IN HONOR of the Scarborough House’s bicentennial this year, Ships of the Sea Maritime Museum hosts "Crossing Horizons," a retrospective exhibition of Cynthia Knott’s work.
The museum is within the Scarbrough House, built in 1819 for William Scarbrough, a shipping merchant who was principal owner of the ill-fated SS Savannah.
“Scarbrough was an artist, a philosopher, a daydreamer, an eccentric,” Knott explains. “He got this bee under his bonnet that he wanted to have three things going on in one ship. He built this ship that was only about a hundred feet long. It was pretty beamy, plus it had an engine to produce steam, a full set of sails, and then a paddle wheel.”
That’s a lot of different elements at work for just one boat, but as Knott notes, it was built at the height of the local shipping era, designed to maximize the possible output.
“It gets into port, and they have this really big celebration,” explains Knott. “James Monroe came for the sailing of the ship with William Scarborough to a luncheon party on deck. They took it to Tybee and they had lunch, and they served artillery punch. Monroe deemed it quite a ship.”
Monroe’s proclamation didn’t do much to inspire people to sail on the ship, though—many were afraid of all the elements at work and refused to get aboard.
“They took the paddle off first, and then they started dismantling it,” says Knott. “Eventually, within a year, it became a mail ship. Three years later, it ended up sunk off of Fire Island.”
For such a history, the SS Savannah was only around for one year.
“I find that this is a very elusive, mysterious boat,” Knott muses. “It’s not quite at port, not quite going to get there, not going to have this great history, but they had a wild time on that trip to Tybee.”
Knott was inspired by the ship coming into port and painted “The Arrival of the SS Savannah” to commemorate the event.
“The fog is rising, and the sun is burning up because it’s May, and the ship is coming in and you can’t find it yet,” says Knott.

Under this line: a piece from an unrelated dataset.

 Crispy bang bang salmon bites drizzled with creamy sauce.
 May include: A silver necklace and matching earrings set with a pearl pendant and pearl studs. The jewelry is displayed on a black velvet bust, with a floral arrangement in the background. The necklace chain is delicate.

“You don’t know what it is because you’ve never seen it before. This ship has been in and out of the fog in my painting for months. It’s kind of there, then it’s kind of not there; then it’s elusive, then it comes out.”
That’s a common theme with Knott’s work—she often has to work through the painting to figure it out, and her painting “Bloodline” traces that idea.
“The horizon line takes me forever to figure out where it is,” says Knott. “It goes up, it goes down—it’s like a chess match. I wanted to have his bright red one, and I wanted to have this refining of gold throughout.”
“Bloodline” is also indicative of her fascination with the place water holds in history. She was inspired to paint it after learning about the history of Ebo’s Landing, where in 1803 the Igbo people, captured from Nigeria and aboard a slave ship, committed suicide as a refusal to submit to slavery.
“I wanted some sort of purification. Through the fire they walked through to be in another space where they would fly away home. This is where I first started getting attached to Queen Quet and the Gullah Geechee.”
The legend of the Igbo tribe says that as they drowned themselves, their souls left their body and flew back to Africa.
“I think about the things that are historic about water,” Knott says. “I like to think about Jesus walking on water. You get the vibratory rate of the Igbo tribe and you get maybe a tide that’s coming in on a full moon, maybe you’ve got the wind blowing a certain way, maybe the light is happening a certain way. The phenomena of everything coming together—it was just all this stuff. Of course they flew away.”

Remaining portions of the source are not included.